What is being asked. The lines below starting at the line containing "Thinking Maps" and ending at the line containing "Алгебра, 9 класс" are to be repeated exactly, with both ends kept and nothing else added.

━━━ The data ━━━

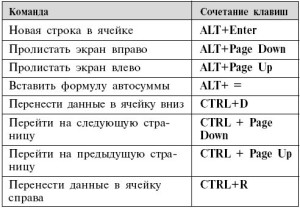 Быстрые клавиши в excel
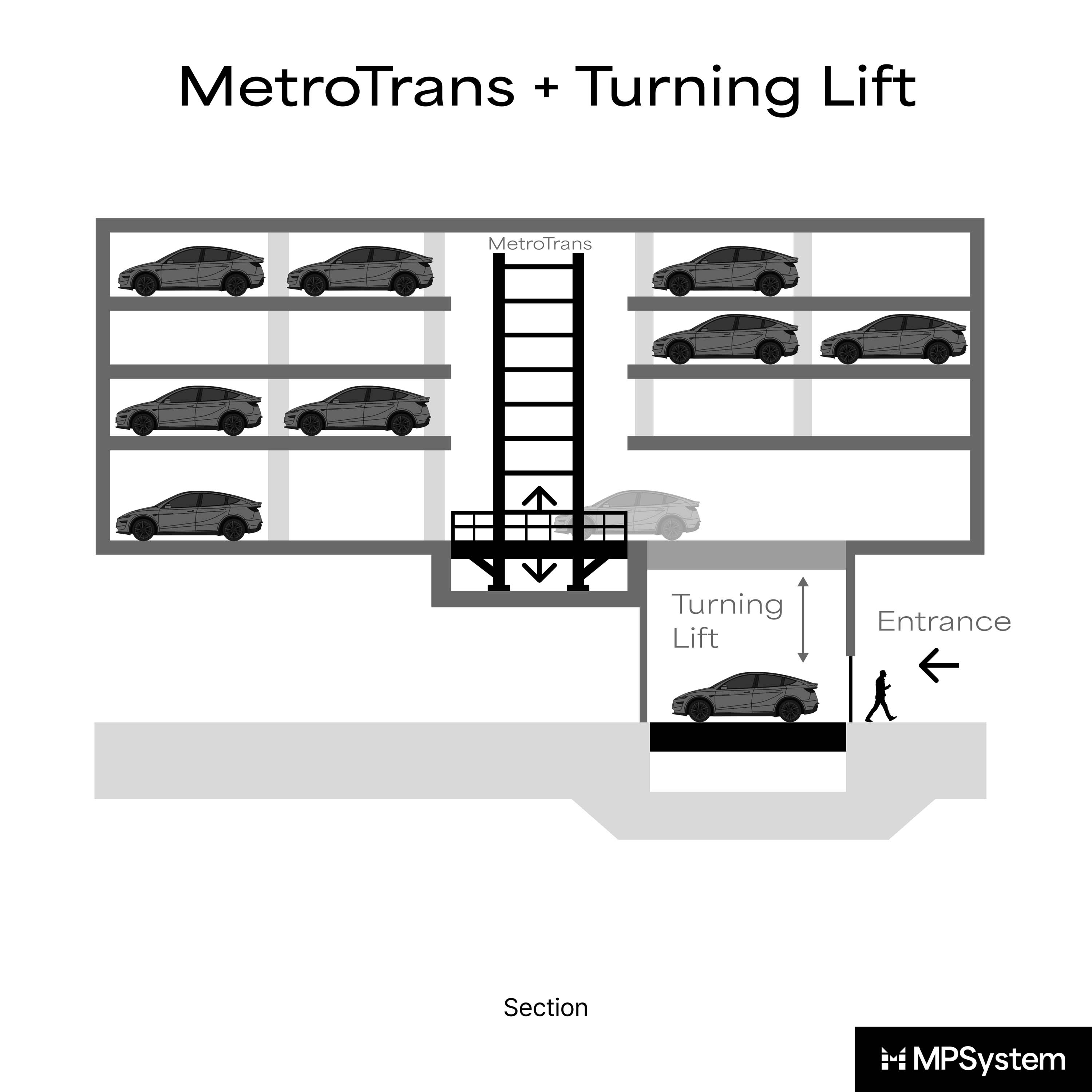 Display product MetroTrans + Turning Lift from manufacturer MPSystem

━━━
━━━ The data ━━━

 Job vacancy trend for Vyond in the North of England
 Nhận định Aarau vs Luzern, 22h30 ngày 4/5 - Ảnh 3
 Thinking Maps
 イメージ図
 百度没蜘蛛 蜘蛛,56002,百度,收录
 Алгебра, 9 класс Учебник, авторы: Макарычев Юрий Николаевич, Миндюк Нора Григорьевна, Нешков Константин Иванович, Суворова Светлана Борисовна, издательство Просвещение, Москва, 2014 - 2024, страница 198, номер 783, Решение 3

━━━

Output for this exercise.
 Thinking Maps
 イメージ図
 百度没蜘蛛 蜘蛛,56002,百度,收录
 Алгебра, 9 класс Учебник, авторы: Макарычев Юрий Николаевич, Миндюк Нора Григорьевна, Нешков Константин Иванович, Суворова Светлана Борисовна, издательство Просвещение, Москва, 2014 - 2024, страница 198, номер 783, Решение 3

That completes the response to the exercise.